But I'm making progress. Just a little more patience please.

Best regards,

Ronald

Pablo Maldonado

unread,
Mar 11, 2022, 3:23:01 PM3/11/22
to schedulix
Hi Ronald, Sorry for replying so late, first of all thank you for your help. From what I see, for another reason, it doesn't only do it with Schedulix, but with scripts that run nagios and are compiled, because if I pass them to powershell or bat without compiling, it won't generate that effect. Paul Maldonado

Ronald Jeninga

unread,
Mar 12, 2022, 4:22:25 AM3/12/22
to schedulix
Hi Pablo,

java seems to keep a handle to the former child process for some reason.
And because not all references to the process are released, not even after a p.waitFor(), Windows has no choice than to keep the entry in the process table.
Unfortunately I didn't find yet how to release or even retrieve that handle (that is well hidden in the depths of the JVM).
It is possible that we are talking about an implementation flaw in Java (which could be resolvable with Java 9 and better).
Note that all examples how to start another process from within Java basically all show the same code which, by accident, matches our code.
This again might explain why not only schedulix is affected.

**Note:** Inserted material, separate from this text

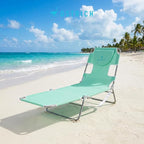 Ostrich 4-Position Outdoor Chaise Lounge w/Face Cushion & Arm Holes, Teal - Lightweight Folding Lounger w/Adjustable Reclining Backrest, Portable w/Carry Strap, 250 lb Weight Capacity - Image 2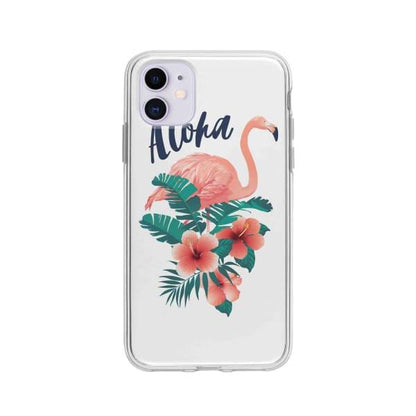 Coque Pour iPhone 11 Flamant Rose Tropical - Coque Wiqeo 10€-15€, Estelle Adam, Feuilles, iPhone 11, Motif Wiqeo, Déstockeur de Coques Pour iPhone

The good news is that I don't give up yet. But it's a challenging problem, that's for sure.

Best regards,

Ronald

Ronald Jeninga

unread,
Mar 14, 2022, 10:04:18 AM3/14/22
to schedulix
Hi Pablo,

today I've made a real progress, as it seems.
I've been trying about everything, including reading Java Source Code (the stuff in src.zip, if installed; more convenient is e.g. http://hg.openjdk.java.net/jdk8/jdk8/jdk/file/687fd7c7986d/src/share/classes/java/lang).
I've been using the Runtime.exec() method instead of using the ProcessBuilder (until I found that exec() ist just a wrapper around the Processbuilder).
I've tried to destroy() processes explicitly (after they have terminated).
All to no avail :-(

Anyway, the only thing left to try was to see if the Garbage Collector does more than just to clean up memory.
The hint that made me try this stated that the GC not only cleans up but also closes open files (if the object to clean out happens to be an unreferenced file object).
Hence that could work for process handles as well.

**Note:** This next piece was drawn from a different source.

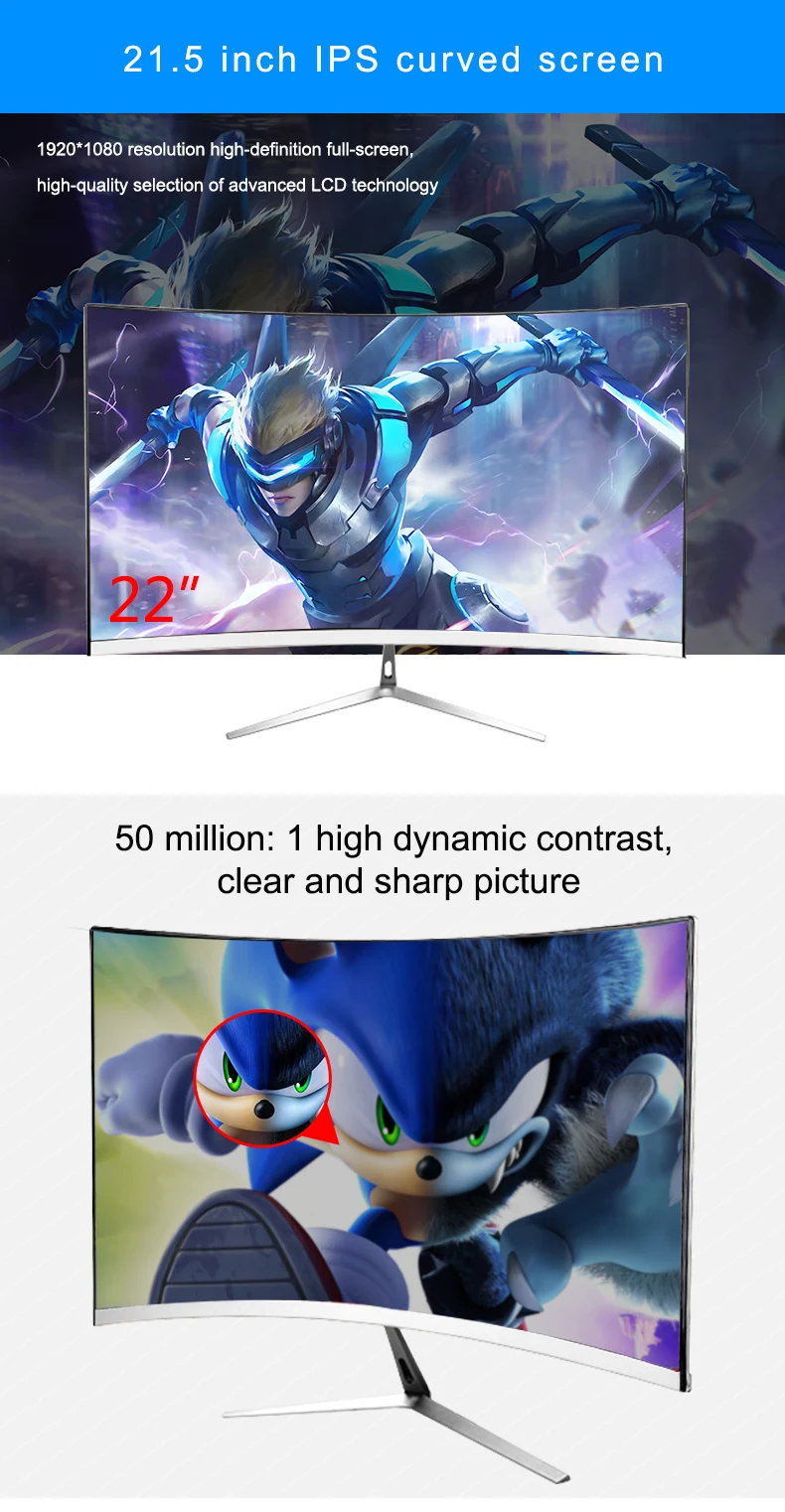 Anmite 21,5(22) дюймовый TFT Lcd FHD Hdmi изогнутый монитор ультратонкий Светодиодный компьютерный экран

After changing my test program:

import java.util.*;
import java.io.*;
import java.util.regex.*;
import java.text.*;
import java.lang.reflect.*;
import java.util.concurrent.TimeUnit;
import java.nio.file.Files;
import java.nio.file.Paths;
import java.nio.file.attribute.BasicFileAttributes;

public class StartPS
{
        static Long STARTTIME_JITTER = 5000L;

        synchronized public static HashMap<String,Long> getStartTimes()
        {
                HashMap<String,Long> result = new HashMap<String, Long>();;
                final File tmp_file = new File("/tmp/starttimes.out");
                String tmpfilename = null;
                try {
                        tmpfilename = tmp_file.getCanonicalPath();
                } catch (Exception e) {}

                try {
                        ProcessBuilder pb = new ProcessBuilder(".\\winps.exe");

                        pb.redirectOutput(new File(tmpfilename));
                        pb.redirectErrorStream(true);
                        Process p = pb.start();
                        p.getOutputStream().close();
                        p.getInputStream().close();
                        p.getErrorStream().close();
                        try {
                                p.waitFor();
                        } catch (InterruptedException ie) {
                                // maybe some cleanup here
                        }

                        try {
                                while (p.isAlive()) { // <- most likely unnecessary ;-)
                                        Thread.sleep(100);
                                        p.destroy();
                                        System.gc();
                                }
                                p = null;      // should help the garbage collector (eliminates a reference to the object p points to)
                                System.gc();   // <- most likely the key to success !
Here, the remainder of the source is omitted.